45:05 Own strategies? Three main things: 1. Down time with family. Has 10 yr old daughter. Likes to switch off completely and spend time with her. Challenging to switch off. Mobile phones, blurring. Tries to get away eg to beach. Symbolic in a sense to get out of your normal environment, into nature.  Amazing how restorative that can be. 2. Exercise. A mad advocate that exercise can cure almost anything, and help with almost anything, a life line, Mental health strategy. For physical health. Time out. Tries running three times a week. Doesn’t need equipment. Can do anywhere. Doesn’t’ cost anything. Feels a million times better after 6-8 kms, mind much clearer. Feel much better. Evidence for that enormous. The ironic thing is that when you get busy it is often the first thing to go but it can be the best thing to help you think more clearly. Has tried to be consistent since high school. Doesn’t write it in the diary but has a regular time set up. Know from behavioural research, the value of regular habit.

48:50 Other non-negotiables? Not really. Being a single parent, more stressful trying to block non-negotiable things, being more flexible works for her. One thing is Friday night is non-work night. Switches everything off. Came up a few years back when was on brink of burn out and working with a coach who asked what was the one thing she could do. Friday night ‘switch off’ was it. Small changes but they do add up.

50:20 Third thing she swears by is meditation. A time to step back, reflect, and put down things carrying all day. Aim is to do it every day for 10 mins. Doesn’t happen every day. Training mental skills of attention and focus, skills we are at risk of losing because of social media, emails, interruptions, meditation a buffer against that short attention span. Lots we can be doing to improve our own mental/physical wellbeing but the challenge is lots of us know thus but how do we put it into place.

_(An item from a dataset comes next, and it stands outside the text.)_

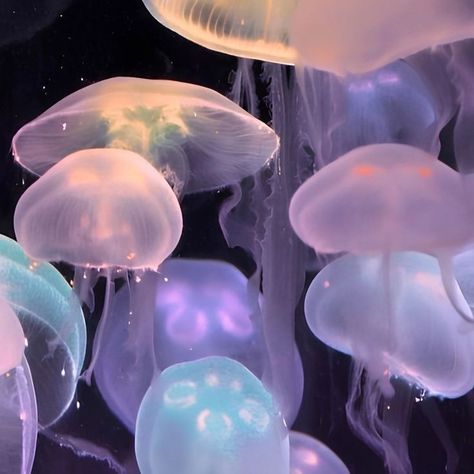 Pet Jellyfish, Jellyfish Tank, Jellyfish Art, Blue Skies, Aquariums, Jellyfish, The Globe, Globe, Floating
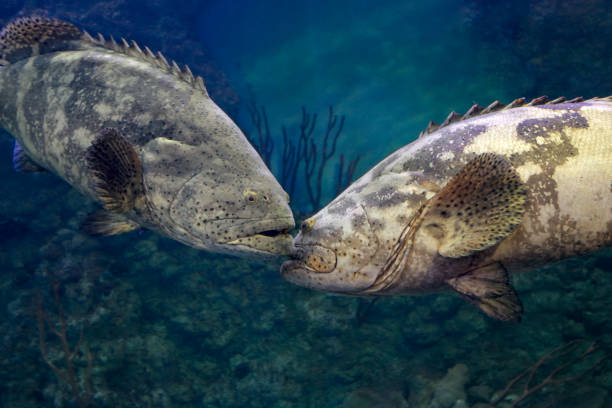 Goliath grouper (Epinephelus itajara). Two big fishes Goliath grouper (Epinephelus itajara). Two big fishes met fish with big lips stock pictures, royalty-free photos & images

52:15 Tips as behavior change expert? Write it down, book it into your calendar, make it an appointment. The other is about trying to make some of these automatic. Setting up your environment so you need less conscious effort to do it, to make it a habit, things that cue us towards some of these behaviours. The other is social support, who hold you accountable.

54:00 The Happy Academic blog – started when she took on role as head of early and mid career research and development. Was hearing the same kinds of challenges again and again, not just in own institution but people internationally. Can’t reach all these people one on one, gets lots of requests for mentoring but can’t do it all. Thought a blog might be a good virtual way to help lots of people. Virtual mentorship. Feedback suggests it is achieving that aim. One of the most satisfying things she did last year. Always wanted a career where she was helping people. And loves writing. So this ticks a lot of boxes. Now takes a couple of hours to write a post, also jots down ideas in prep. Questions that people ask are a source of ideas. Schedule – tries to post once/month.  

58:25 Blog post on kindness – sparked by a PhD student who finished and wrote a lovely card, saying “thanks for all your support and in particular thank you for your kindness, a quality which I feel is often missing in academia”. That resonated. Also consistent with stories over the years. Academia can be such a cut-throat and ruthless environment. And dealing with critique, rejection, awards, promotion. Hear all the time how thick-skinned you need to be to survive in this field. So wanted to highlight that this doesn’t have to be the norm and there are small things we can do that might a spot of joy in someone’s day, a question about how your day is going, can I get you a cup of coffee. I’m a big advocate that we can all find opportunities to be kind and it’s never a wasted act. Came across some great resources on kindness.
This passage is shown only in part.